Sometimes through exposure to a variety of reverse mean questions students will learn when to use the end “totals” column as in the below question one isn’t required but then it doesn’t make sense to use one either! Its all about the usefulness of summarising the information in a table format:

Another topic they could be used for are those horrible liquid A, liquid B and liquid C are combined to make liquid D type questions for density/mass/volume. Now is not the time for the discussion about how to teach the “actual maths” … no really, I’m not getting into the whole “Formula triangle/No Formula triangle” argument here! Again the thing I want to point out is how useful tables are for organising the information in the first place and for students to get their heads around the “story” of the question.  The example below is actually about metals but you get the idea … in some contexts I’m not expecting students to get full marks on these type of questions but I know that by organising the information they are likely to get some way into the problem:

I feel the need to elaborate (don’t roll your eyes like that!!) … I’ve just written about some students getting someway into a question and I use the example to students/parents about wanting to get from here (wherever I’m sat at the time!) to the town centre. So the first thing I need to do is get to the end of the road and make a judgement call on which way to turn … oh there is lots of traffic going in that direction so I’ll go that way … then I get to the next road junction and have to make a similar decision. Sometimes I’ll get to a signpost that I recognise and then know what to do but sometimes I just have to keep making judgement calls etc etc. The fact is unless I make a start I will NEVER get anywhere and sometimes doing maths is like that … routes will open up that weren’t initially obvious at the outset but the first step is the most important one. Just try something!!
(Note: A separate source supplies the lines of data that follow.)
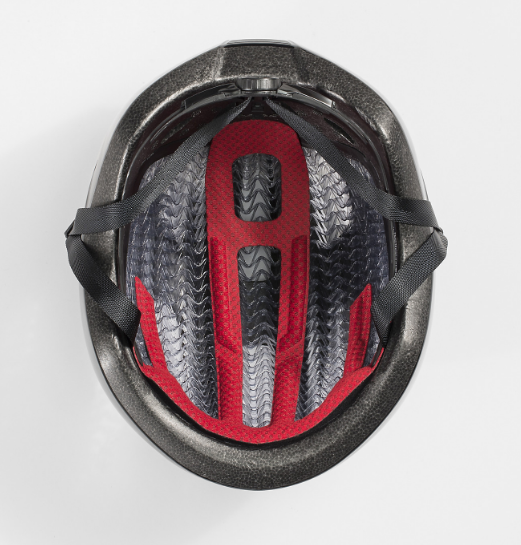 Bontrager Bontrager Starvos WaveCel Cycling Helmet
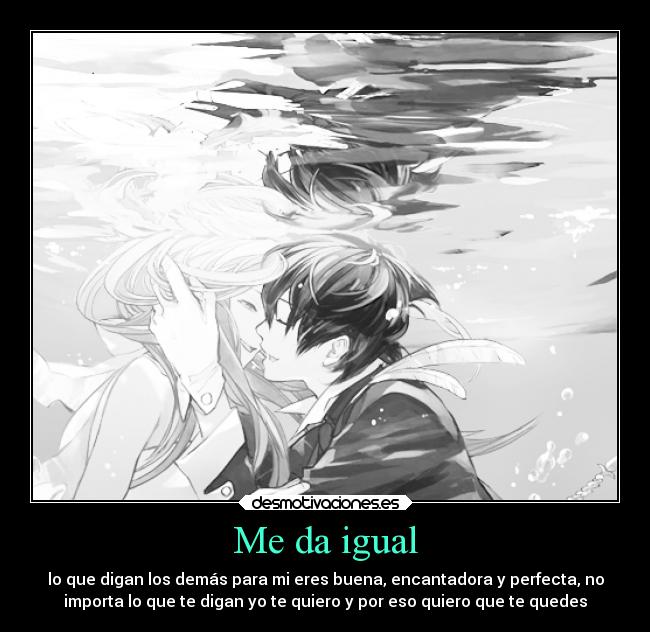carteles amistad sentimientos anime vallas desmotivaciones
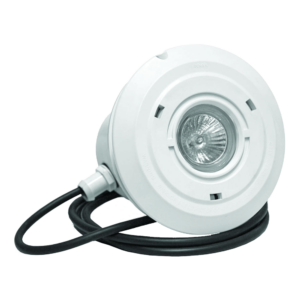 Reflektor MINI2008 fólia RGB 6W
Another topic that students could do with some scaffolding for is speed/distance/time … again the way you teach the topic is up to you and what I’m really asking you to do is to think about how you extract the information from questions and then how you represent that same information … does it help your students? The below question is really quite straight forward but you can see that I’ve deployed several different tactics here: drawing a picture, ticking off the information and drawing a table of information.
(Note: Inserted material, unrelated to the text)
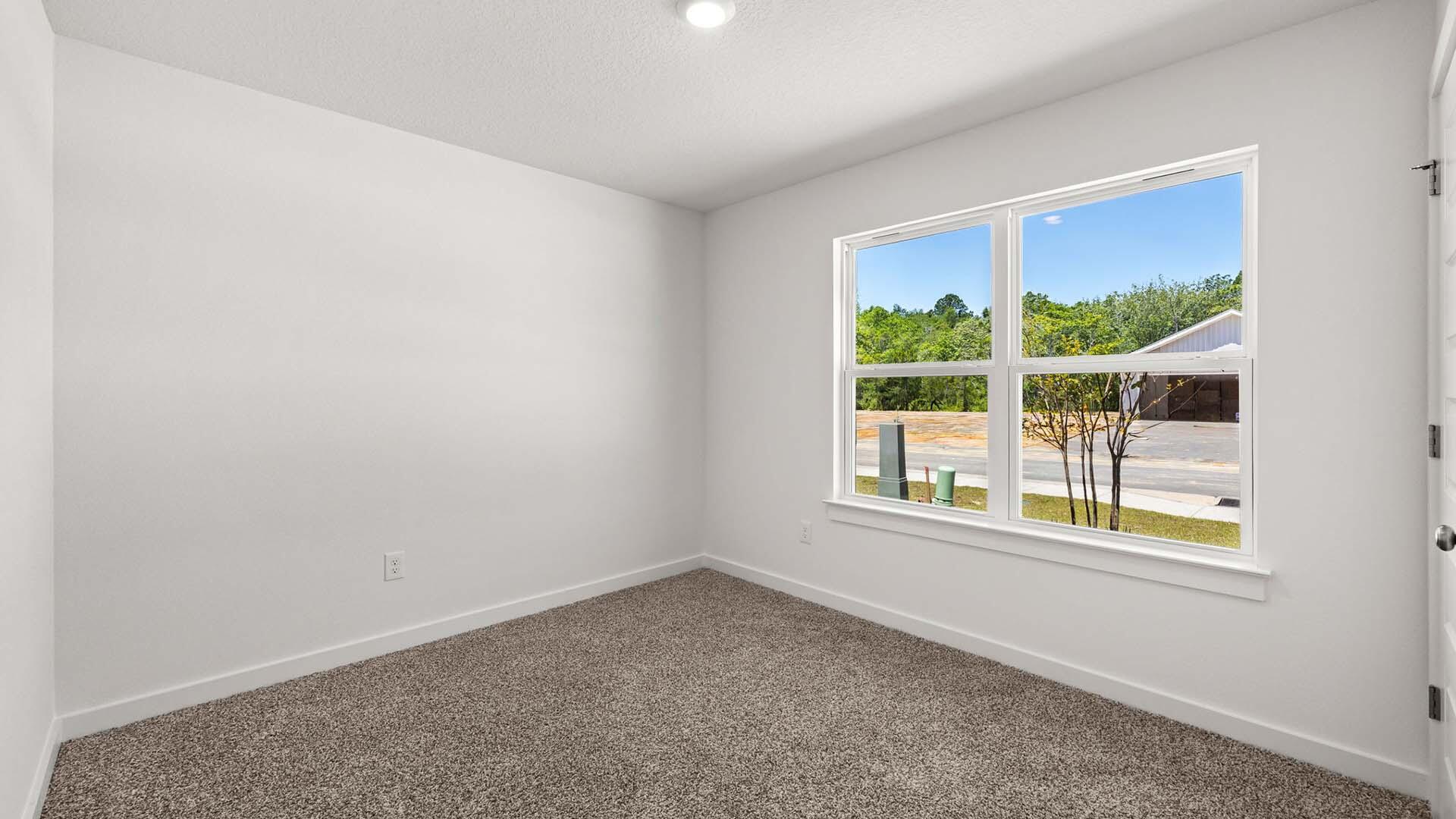 Magnolia at the Bluffs - Residential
In the below example you can see that its very similar to the density/mass/volume questions. Again pointing the similarities and the differences to other topics is a really effective thing to do … it helps make links for students and does ease their pain (as some of my students would say!) in learning new stuff!

This is by no means a definite list of where and how I’d use two-way tables to organise information but hopefully its given you food for thought.

As always … may or may not be useful!

*Most (if not all) of the questions are from Pearson/Edexcel … thanks!!! Don’t kick my ass for using them! Pretty please!